Last month, a heavyweight consortium of local and global companies announced plans to collaborate on a project to design, build, operate, and evaluate a demonstration plant to produce "green ammonia" from water, air, and renewable energy in The Netherlands.
This is one practical outcome of last year's Power-to-Ammonia study, which examined the economic and technical feasibility of using tidal power off the island of Goeree-Overflakkee in Zuid-Holland to power a 25 MWe electrolyzer unit, and feed renewable hydrogen to a 20,000 ton per year green ammonia plant.
This new demonstration plant phase of the project will still be led by the original developer, Dutch mini-ammonia plant developer Proton Ventures. However, its partners in the venture now include Yara and Siemens, as well as speciality fertilizer producer Van Iperen, and local sustainable agricultural producer, the Van Peperstraten Groep.

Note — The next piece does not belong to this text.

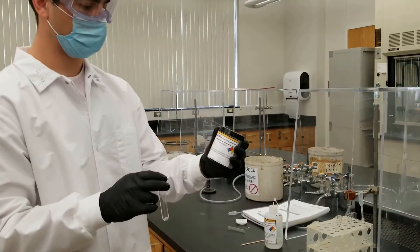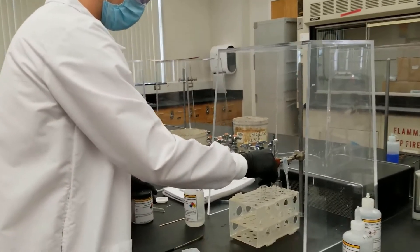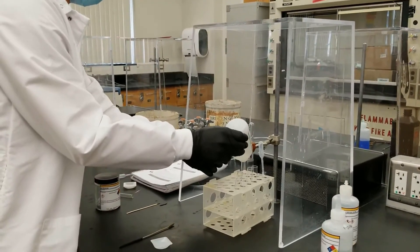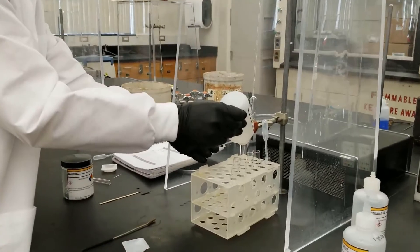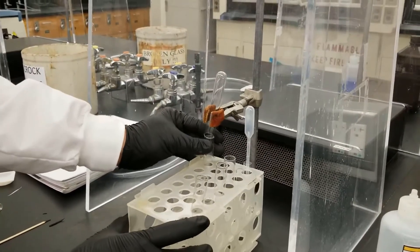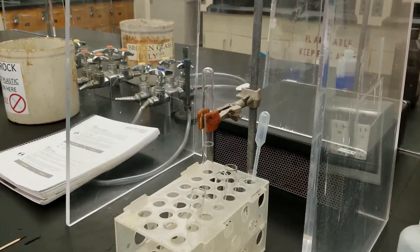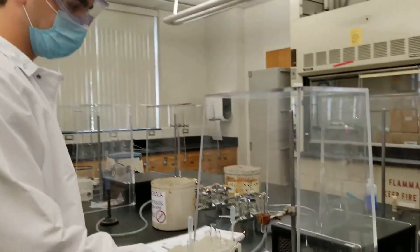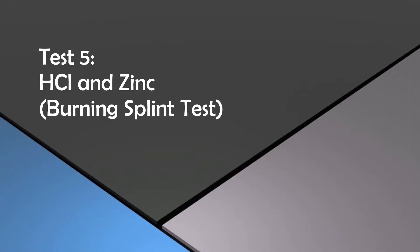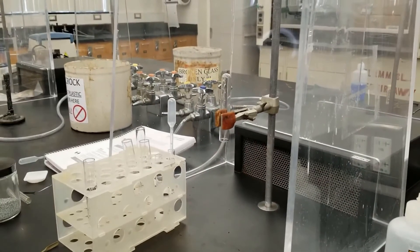For this portion of the experiment, we are going to add zinc to a test tube. We are going to place this test tube in a rack, add six molar hydrochloric acid, a couple of drops, and then hurry and put it under another test tube so we can catch any gases that escape. There it is reacting. We are going to do a glowing splint test now, and then a burning splint test. Whoa!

In the last 12 months ... The extensive Power-to-Ammonia feasibility study demonstrated that ammonia energy could be economically viable in different business cases. The report was a collaborative effort by large European corporations - power companies, electricity distributors, chemical producers, engineering firms - and it has already resulted in plans for one 440 MW power plant to be converted to carbon-free fuel by 2023.

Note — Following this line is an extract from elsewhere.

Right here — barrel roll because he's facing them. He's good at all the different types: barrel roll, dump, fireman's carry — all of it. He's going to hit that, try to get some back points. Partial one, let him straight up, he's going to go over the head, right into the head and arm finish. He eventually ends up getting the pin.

Goeree-Overflakkee, in the southwest corner of The Netherlands, already produces more renewable power than it can consume. But, by 2020, this small island will generate a full 300 MWe of solar and wind, which far "exceeds the electricity demand on the island, rated at maximum 30 MWe peak."
Stedin, the local grid operator, has the expensive task of integrating these and future renewable resources into its electricity distribution system.
The recent Power-to-Ammonia study included a detailed analysis of Stedin's business case for producing renewable ammonia as a way to store and transport this electricity - enabling the island to become a net exporter of clean energy.